Without another extension next week, the cap will automatically bounce higher because oil prices have risen due to the war in Iran — handing Russian President Vladimir Putin a windfall. The European Commission is legally obliged to recalculate the price ceiling after July 15 but the new cap would become effective only on Aug. 1, giving the executive some leeway.
It was the third day in a row that EU ministers or ambassadors had met, only to fail to agree on a 21st round of sanctions over Russia’s four-year war of aggression against Ukraine.
The EU is struggling to maintain unity on the penalties even as Ukraine fights back against Russia with a drone campaign that is inflicting heavy casualties and deep strikes that have knocked out several oil refineries. Kyiv’s pushback has led to widespread fuel shortages in Russia and has forced Moscow to scour world markets for diesel to import.
All for one
Because sanctions require unanimity among the EU’s 27 capitals, national governments can put a price on their consent by seeking other concessions. Former Hungarian Prime Minister Viktor Orbán was a notorious blocker of such support for Ukraine, although it was hoped Budapest would prove less obstructive after he was ousted by Péter Magyar earlier this year.
This time, however, Austria and Greece have broken cover to throw a wrench into proceedings.

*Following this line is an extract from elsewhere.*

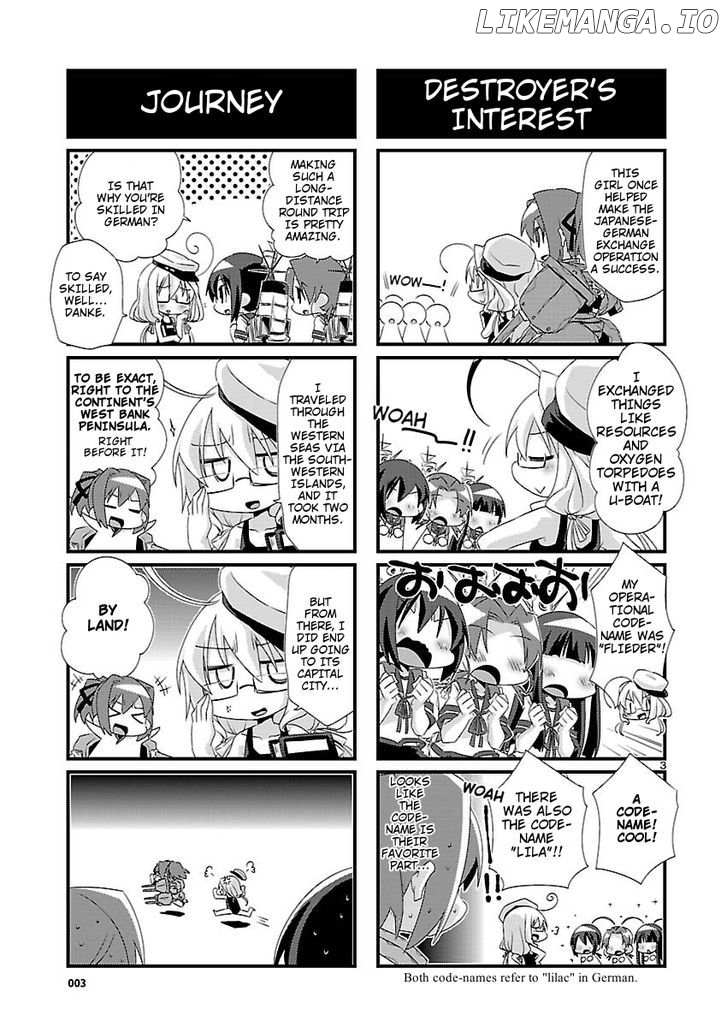 Kantai Collection - Kankore - 4-koma Comic - Fubuki, Ganbarimasu! chapter 25 - page 3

Vienna has proposed a deal under which Austria’s Raiffeisen Bank would be compensated for what it calls the illegal €2.44 billion expropriation of its Russian operations. The ask would entail seizing and selling €2.1 billion in frozen Russian assets located in Austria; the property ultimately belongs to a company owned by Russian oligarch Oleg Deripaska, a beneficiary of Raiffeisen’s expropriation.